God has answered, and not in the way I expected (which is normal). Before bed I glanced over at our book shelf which holds a small varied collection of Christian based books and so I decided to grab Joyce Meyer's, Knowing God More Intimately. I shuffled through the pages which are marked up with pencil from a previous read through the first chapter. I paused and decided to start re-reading the book (have yet to finish, as per the norm).

MOVING ALONG----
This morning while my boy was doing his studies, I sat beside him with the book in hand and proceeded to read (silently) where I had left off last night. To my glorious surprise God was using this book to guide my walk and my children's walk with Christ. 

--------ding -----ding ------ding
(That's the light bulb sound in my brain.)

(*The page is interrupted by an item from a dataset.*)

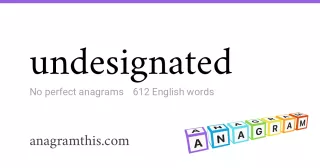 undesignated - 612 English anagrams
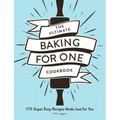The Ultimate Baking for One Cookbook: 175 Super Easy Recipes Made Just for You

Here is the portion that I read that made the ding, ding, ding:

If I needed dialysis due to kidney disease and had to be at the hospital twice a week for treatment at 8:00 am, I certainly would not accept an invitation to do anything else, no matter how appealing it might seem. I would know that my life depended upon keeping my appointment. That is the way we should view our time with God. The quality of our life is greatly affected by the time we spend with God, and it should have a place of priority in our schedule.
Perhaps because God is ever available we think we can spend time with Him later, so we choose to respond to what seems urgent, instead of giving God a place of priority in our lives. But if we spent more priority time with God, we wouldn't have so many emergencies that rob us of our time. We are to redeem time through prayer.
When you sit in the presence of God, even if you don't feel like you are learning anything new, you are still sowing good seed into your life that will produce a good harvest.... Don't spend your time chasing blessings. Chase God, and the blessings will chase you. 
When you spend time with God, everybody else knows it. You become calmer, you're easier to get along with, and you don't lose control of your emotions as quickly. Your patience increases, and your heart soon understands what God likes and what offends Him. As with any friend, the more time you spend with God, the more like Him you become.
--------------- 

I've heard it many times before. Seek first the kingdom of God... Seek, ask and knock... Be still and know that I am God... Matthew 4:4, Man does not live on bread alone.

Hear you loud and clear God. 

Moving along-----

I read parts of what I had read earlier to my son and looked up scripture and sure as grass is green, I saw something in that moment. We were doing what we needed.... 
SEEKING - together.

Now, if I can just kick myself in the pants to run (not walk) to God daily (with my children).

So, you may ask if I got an answer, a glimpse of hope to the parenting department. 
Why, yes! 
My hope is in Christ and His never failing word.

Silly me.

2 comments:

  1. Isnt' it so true in everything. Prayer and God's word!

    ReplyDelete
  2. What a beautiful post. Thank you for sharing, and for typing the passage from the book. I love the dialysis image. What conviction!

    You have a wonderful blog.

    I pray the Lord blesses your time with your son this week.